Doctoral Dissertations
Date of Award
8-2023
Degree Type
Dissertation
Degree Name
Doctor of Philosophy
Major
Computer Science
Major Professor
Jack J. Dongarra
Committee Members
Piotr R. Luszczek, Michael W. Berry, Michael A. Heroux
Abstract
There is a growing performance gap between computation and communication on modern computers, making it crucial to develop algorithms with lower latency and bandwidth requirements. Because systems of linear equations are important for numerous scientific and engineering applications, I have studied several approaches for reducing communication in those problems.

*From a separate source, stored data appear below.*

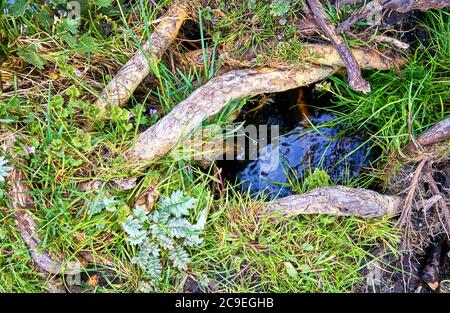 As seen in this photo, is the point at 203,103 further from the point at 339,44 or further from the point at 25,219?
the point at 25,219

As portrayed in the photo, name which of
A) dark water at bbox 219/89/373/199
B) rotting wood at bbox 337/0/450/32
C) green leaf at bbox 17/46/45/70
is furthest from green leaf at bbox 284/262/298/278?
green leaf at bbox 17/46/45/70

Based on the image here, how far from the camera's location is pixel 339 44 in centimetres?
233

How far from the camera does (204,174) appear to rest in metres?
2.49

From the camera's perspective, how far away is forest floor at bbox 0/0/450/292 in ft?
7.67

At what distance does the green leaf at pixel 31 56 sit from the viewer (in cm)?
232

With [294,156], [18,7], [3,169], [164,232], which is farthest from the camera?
[294,156]

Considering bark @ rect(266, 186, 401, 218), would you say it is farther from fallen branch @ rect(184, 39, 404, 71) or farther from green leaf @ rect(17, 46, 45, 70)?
green leaf @ rect(17, 46, 45, 70)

First, I developed optimizations to dense LU with partial pivoting, which downstream applications can adopt with little to no effort. Second, I consider two techniques to completely replace pivoting in dense LU, which can provide significantly higher speedups, albeit without the same numerical guarantees as partial pivoting. One technique uses randomized preprocessing, while the other is a novel combination of block factorization and additive perturbation. Finally, I investigate using mixed precision in GMRES for solving sparse systems, which reduces the volume of data movement, and thus, the pressure on the memory bandwidth.
Recommended Citation
Lindquist, Neil S., "Reducing Communication in the Solution of Linear Systems. " PhD diss., University of Tennessee, 2023.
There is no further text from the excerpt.